Cardiovascular diseases remain the leading cause of mortality worldwide and are responsible for over 18.6 million deaths annually [1, 2].
Cigarette smoking affects nearly every organ in the human body and can result in the development of diseases such as cancers, pulmonary diseases, and cardiovascular diseases [3]. Tobacco is widely recognised as a major risk factor for cardiovascular morbidity and mortality, accounting for approximately 17% of all cardiovascular disease deaths globally [2, 4].

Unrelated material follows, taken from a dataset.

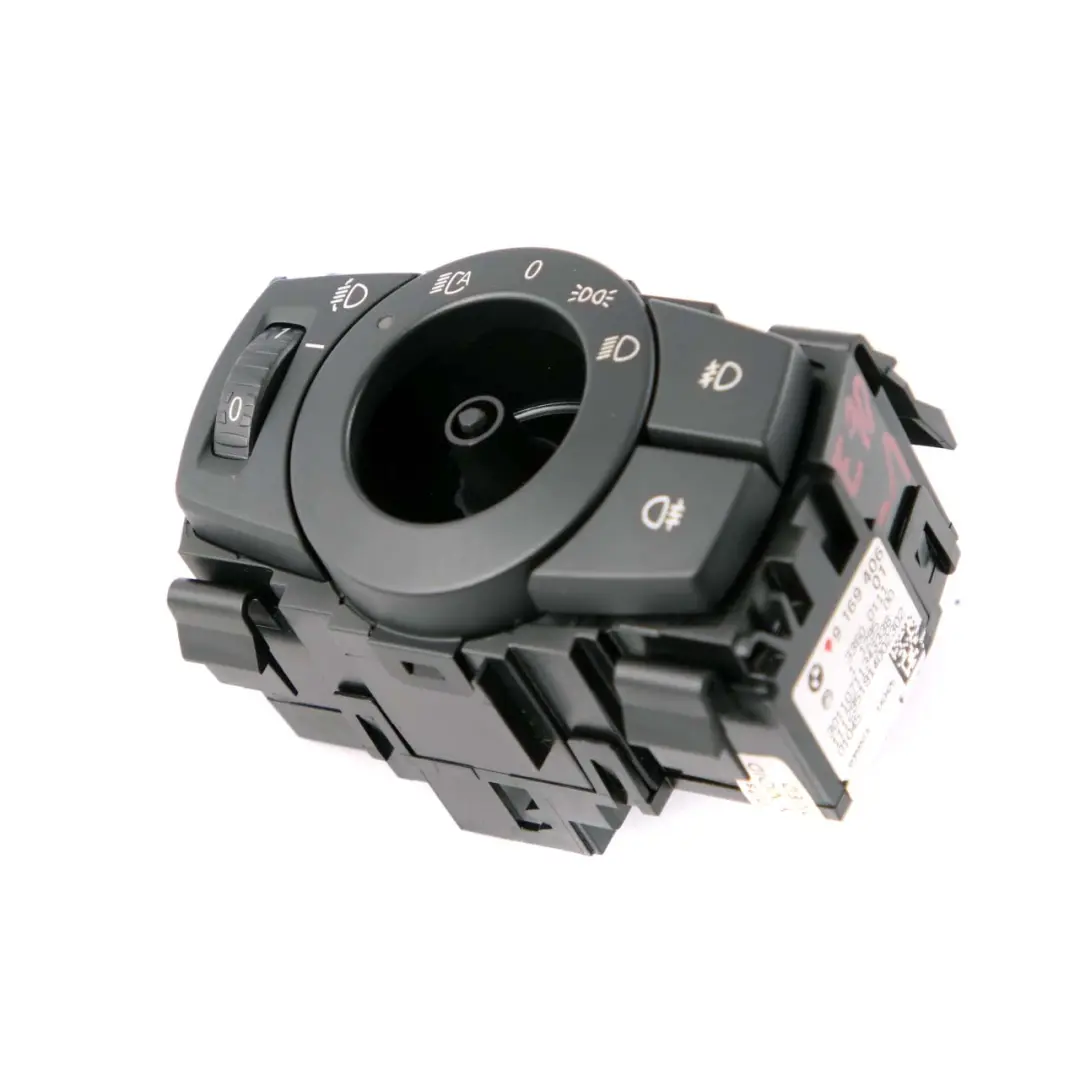 BMW 1 3 Series E82 E90 E91 LCI 1 Headlight Control Light Switch - SKU 9169406-1 - Part number 9169406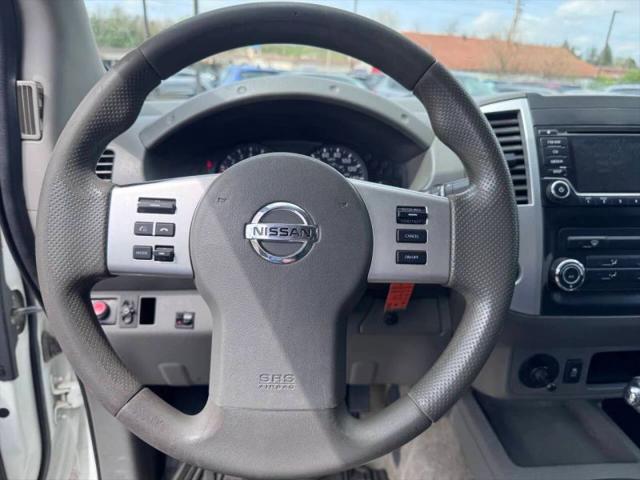 2018 Nissan Frontier S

Electronic nicotine delivery systems (ENDS) such as electronic cigarettes have been developed and marketed as a safer alternative to traditional tobacco cigarettes [5]. Since their introduction in 2004, the popularity of e-cigarettes has surged exponentially worldwide [6]. In 2018, e-cigarettes were sold in more than 102 countries and purchased by consumers of different ages [6–7]. At that time, the e-cigarette market was worth USD 11.26 billion and was projected to reach USD 26.84 billion by 2023 [8, 9].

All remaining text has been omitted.